A Portfolio Approach
The most useful attempt at investment decision-making is buried in the
otherwise uninspiring last part of the book. A summary of a 2007 report from the
London Accord, A
Portfolio Approach to Climate Change Investment and Policy is buried
among self-promoting chapters from companies such as Nissan
promoting their (real) investments in clean technology, The
report uses a Monte Carlo implementation of Modern Portfolio Theory to determine
low-risk mixes (portfolios) of carbon-mitigation strategies, and was written by
Professor Michael Mainelli of Z/Yen Group, and James Palmer.
While intended primarily for policy decision-makers, A Portfolio Approach attempts
to determine which portfolio of carbon reduction technologies is likely to
produce a desired level of climate change at the lowest cost (or highest
investment returns) at the lowest risk of failing to achieve the reduction
goal. Phrased this way, it is easy to see why portfolio theory is an
appropriate tool, since it is designed to minimize systematic (overall) risk
even when all individual strategies in the portfolio have significant risks of achieving
the expected returns and carbon reductions.
The data on various carbon reduction strategies came mainly from the 2007
IPCC Working Group report, "Mitigation of Climate Change."
This report is not complete, omitting some technologies with significant CO2
reduction potential, in particular solar
thermal collectors such as solar hot water heaters and larger
installations for process heat in industrial processes. "Solar,"
as referred to in the report, refers solely to solar Photovoltaic and
Concentrating Solar Power (CSP.)
One decision I found questionable was to ignore the carbon reduction
potential of investments with "negative abatement costs on the basis that
these investments should be undertaken under any business-as-usual scenario, and
are not strictly investment measures as a response to climate change."
(p5/22) This is circular logic. For an investment
with negative cot to exist, there must be a market failure. Almost by
definition, in a well functioning market, all investments with negative cost
will have already been made. Simply saying that these investments
"should" be made assumes that these market failures will correct
themselves without any effort on the part of policymakers.

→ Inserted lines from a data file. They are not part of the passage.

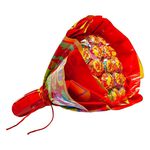Chupa chups flower bouquet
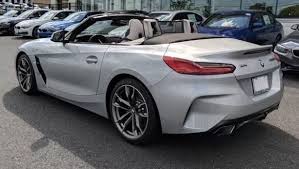 The 2020 bmw z4 has a base price of $49,700. 2020 Bmw Z4 M40i Uces Motors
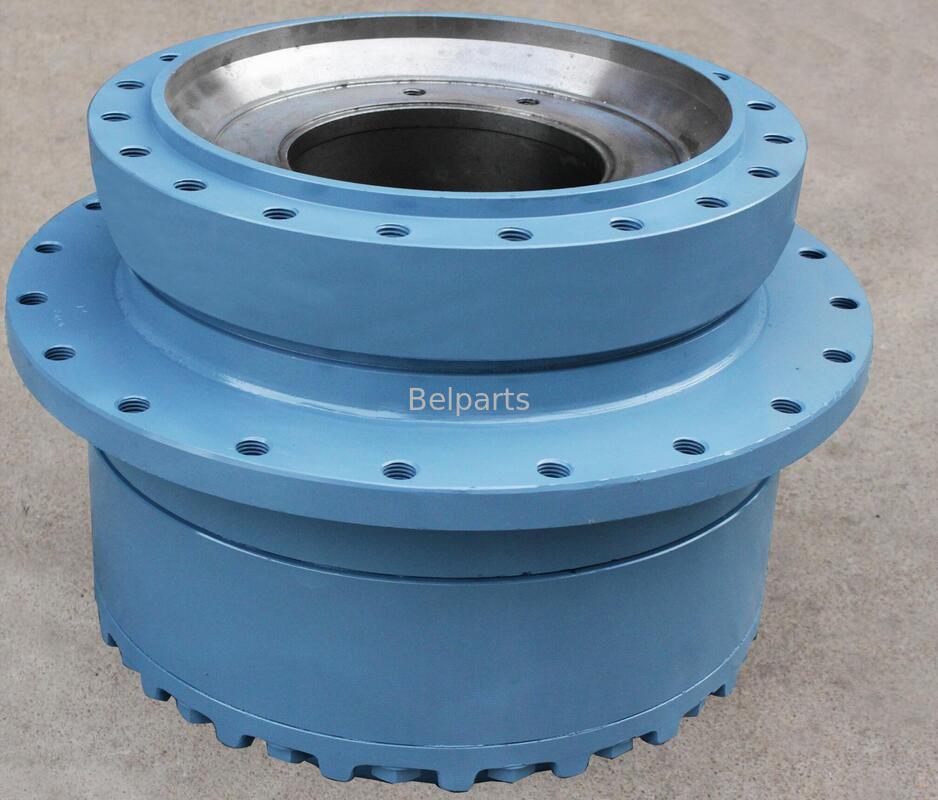 349D2 Снижение скорости передвижения для запасных частей экскаватора 353-0604 3530604 Редуктор хода OEM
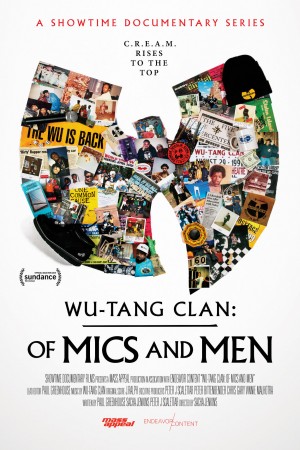 Wu-Tang Clan: Of Mics and Men (2019)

Why should
market failures correct themselves in the future if they have not
In the authors' defense, they run one scenario (#3) in which investments with
negative abatement costs are allowed, and they state "Further examination
of negative abatement proposals seems in order, as it should be important to understand
why these investments fail to be made under current financial conditions.
Neglected negative abatement may justify regulatory intervention by
policymakers, e.g. imposing minimum building or transportation efficiency
requirements." (pp.17/22 and 18/22)
From the hedging in this statement, and the fact that they spend less time
discussing scenario 3 than either of their other two, I conclude that something
prevents the authors from giving market failures the attention they are
due. I find this an extremely common failing among financial
practitioners, and believe it is an unfortunate and common consequence of
in-depth training in financial modeling. Most financial models contain an
assumption of market efficiency, and do not produce meaningful results in cases
of large and persistent market inefficiencies. Without tools to model
market inefficiencies, practitioners are prone to ignore them, convincing
themselves that the inefficiencies are unimportant or will cure themselves.
Most of the critiques
of "Green Jobs" programs are based on this fallacy.
Put another way, if you have a hammer (a modeling technique which assumes
market efficiency, such as modern portfolio theory), you tend to see all
problems as if they are nails (efficient markets.)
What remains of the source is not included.